Turner is determined to make the most out of every mile he travels this summer. Playing with the Nationals is something he’s done for several years now, and he’s learned to take care of his body while starting and playing everyday.

“You catch up on your sleep and take good care of your body, drink a ton of water,” Turner said. “It’s definitely a privilege that I get to travel with my buddies, my friends. It’s going to be a lifetime relationship with these guys.”

With four Division I committees already on the Nationals at the moment, Turner admits he’s spent plenty of time picking the brains of his coaches and teammates as he experiences the recruiting process himself.

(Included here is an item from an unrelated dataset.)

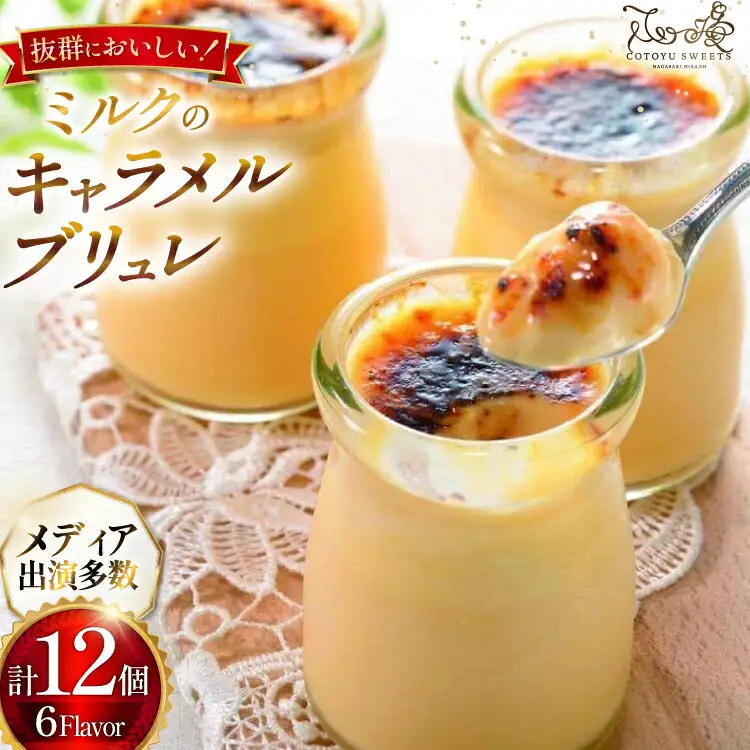 キャラメル ブリュレ プリン プレーン6個と季節の味6種各1個 計12個 [心優-Cotoyu Sweets- 長崎県 平戸市 hr42bjo490244]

“When I have questions I sometimes ask (my teammates), but I usually ask Coach Bingham and Coach (Eric) Briggs. Coach Bingham knows everyone under the sun, and he helps out a lot. Coach Briggs knows a lot of people, so they have great connections. It’s been a great experience so far.”

Once the Premier Tournament wraps up this week in Joplin, the Turner family will set their sights on Cincinatti for one more stop with the Nationals. It’ll be one more chance for him to pick the brains of his teammates and coaches, one more chance to strut his stuff in front of scouts, one more chance to make memories with his baseball buddies.

Those miles aren’t going to stand in his way.